In de ochtend droogde het circuit op, waardoor de overgebleven Courage C34 Porsche met Wollek, Hélary en Andretti opnieuw terrein won. Toch kwam de Franse prototype op de meet één ronde tekort tegenover de leidende McLaren van Dalmas, Lehto en Sekiya. De zege betekende niet alleen een debuutoverwinning voor McLaren – net zoals Ferrari in 1949 – maar schreef ook geschiedenis: voor het eerst mocht een Japanner (Sekiya) en een Fin (Lehto) het hoogste schavotje van Le Mans beklimmen.
Voor het eerst Japan en Finland
Voor Masanori Sekiya was de overwinning van diepe betekenis. In Japan werd zijn prestatie onthaald als een nationaal hoogtepunt, en hij werd meteen een rolmodel voor jonge Japanse rijders. Zijn zege gaf een nieuwe impuls aan de Japanse autosport, net op het moment dat merken als Toyota en Nissan hun uithoudingsprogramma’s aan het uitbreiden waren.

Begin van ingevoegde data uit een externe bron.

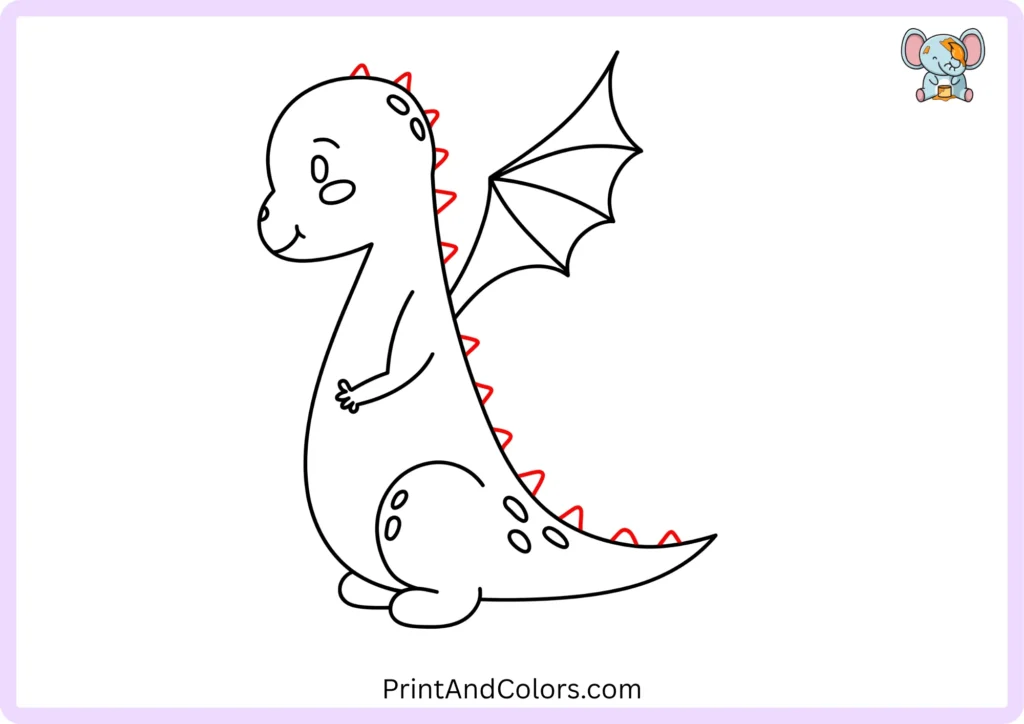 Dragon drawing step 10 showing a row of triangular back spikes beginning at the head and continuing along the dragon's back toward the tail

Dertig jaar later wordt de editie van 1995 nog steeds beschouwd als een van de meest memorabele ooit. Niet alleen door de hevige regen, het verrassende wedstrijdverloop en de GT1-doorbraak, maar ook door de symboliek: een luxesportwagen die in zijn eerste deelname de zwaarste uithoudingsrace ter wereld wint. Die overwinning luidde het GT1-tijdperk definitief in en maakte van de McLaren F1 GTR een legende – op én naast het circuit.
In 2025 zet United Autosports twee McLaren 720S LMGT3 Evo in de klasse LMGT3 in en het Britse team hoopt uiteraard de zege van 1995 over te doen.